N’oublions pas le scorbut, qui n’avait pas besoin de chefs pour terrasser les hommes.
Mais tout cela paraissait insuffisant, ça ne faisait pas encore assez « régime », le nombre de détenus ne diminuait pas encore assez. Alors commencèrent les « fusillades Garanine », carrément des assassinats. Parfois sur fond de ronflement de tracteurs, parfois non. Bien des camps sont connus pour leurs exécutions et leurs immenses charniers : et Orotoukane, et la source du Pôle, et Svistopliass et Annouchka, et même le commando agricole de Douktcha, mais les plus illustres dans le genre sont la mine Dorée et la Serpentine. À la Dorée, on extrayait de jour les brigades de la taille et on les fusillait sans désemparer. (Mais pas pour remplacer les exécutions de nuit, lesquelles avaient une existence indépendante.) À la Serpentine, on fusillait chaque jour de trente à cinquante hommes sous un auvent proche de l’isolateur. Ensuite, on transportait les cadavres, en traîneau tracté, derrière un monticule.
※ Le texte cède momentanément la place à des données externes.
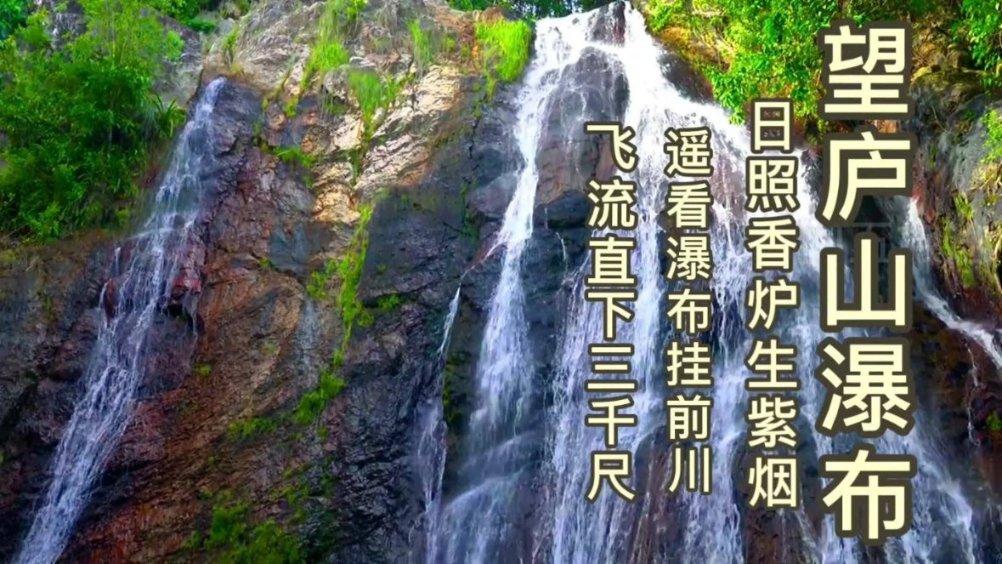 88影视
J’exclus presque entièrement la Kolyma de la matière embrassée par ce livre. Dans l’Archipel, la Kolyma est un continent distinct, qui mérite que lui soient consacrés des récits distincts. En outre, la Kolyma a eu de la « chance » : Varlam Chalamov en a réchappé ; en ont réchappé Ievguénia Guinzbourg, Olga Sliozberg, et d’autres, qui toutes et tous ont écrit des mémoires. Je me permettrai simplement de citer ici quelques lignes de V. Chalamov, consacrées aux « fusillades Garanine » :
« De nombreux mois durant, le jour et la nuit, aux appels du matin et du soir, on donna lecture d’ordres du jour contenant des listes fleuves de fusillés. Par cinquante degrés au-dessous de zéro, un orchestre de délinquants jouait une fanfare avant et après la lecture de chaque ordre du jour. Des torches fumeuses, à l’essence, trouaient les ténèbres… Le papier pelure de l’ordre du jour se couvrait de givre, et celui des chefs qui faisait la lecture époussetait de sa moufle les cristaux de neige afin de pouvoir déchiffrer et crier le nom du suivant sur la liste des fusillés. »
C’est ainsi que l’Archipel vint à bout du Deuxième plan quinquennal et entra par conséquent dans l’ère du socialisme.
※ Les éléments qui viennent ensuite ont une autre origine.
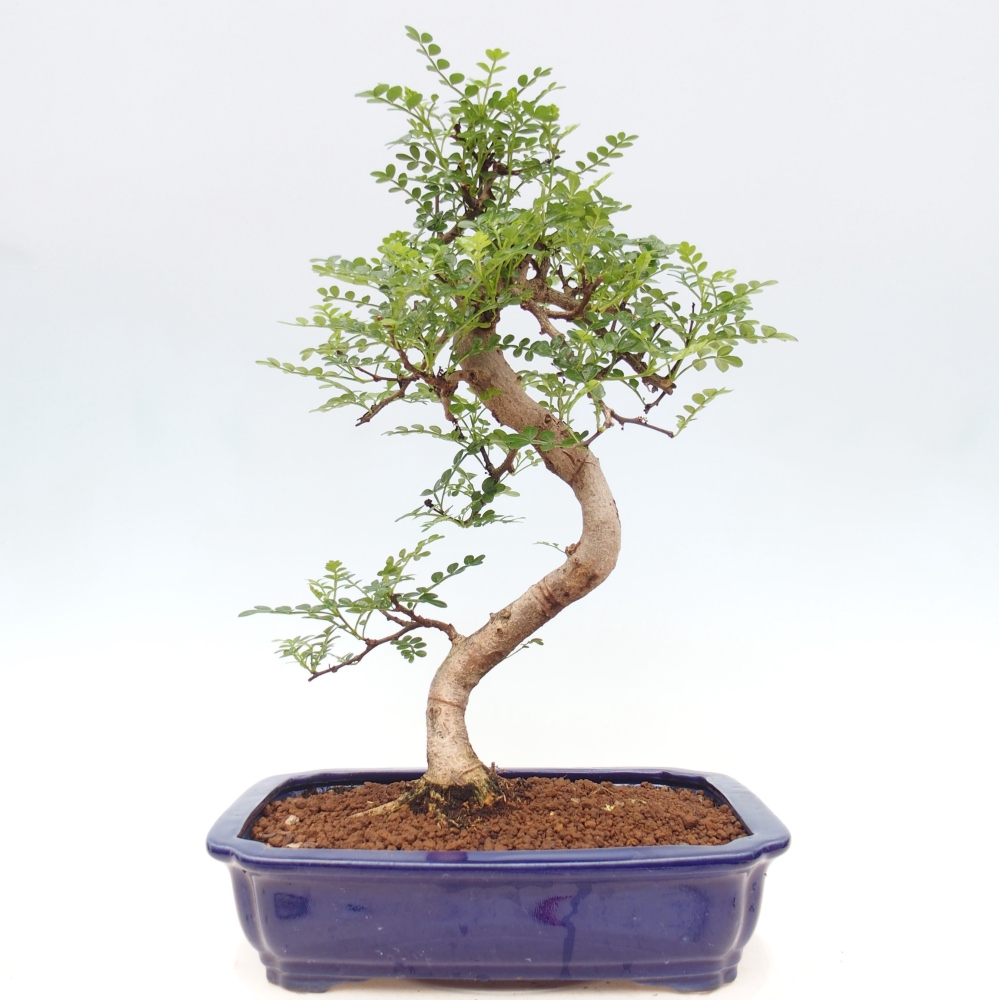 Szobai bonsai - Zantoxylum piperitum - borsfa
Dès le début de la guerre (conformément, sans doute, aux instructions en cas de mobilisation), les normes d’alimentation furent réduites dans les camps. La nature même des produits ne fit qu’empirer d’année en année : légumes remplacés par de la rave à bétail, le gruau par de la vesce et du son.
Si on avait demandé pendant la guerre à un pensionnaire des camps quel était le but suprême, ultime et totalement inaccessible de son existence, il aurait répondu : « Une fois, une seule fois, manger du noiraud5 à gogo, après on peut mourir ! » On n’a pas enterré dans les camps moins de monde qu’au front. L.A. Komogor fut employé pendant tout l’hiver 1941-1942 dans l’« équipe des faiblards », au facile travail que voici : empaqueter deux par deux, dans des caisses à claire-voie faites de quatre planches, des cadavres nus placés tête-bêche, à raison de trente caisses par jour. (Sans doute que le camp n’était pas situé au diable, c’est pour ça qu’il fallait empaqueter.)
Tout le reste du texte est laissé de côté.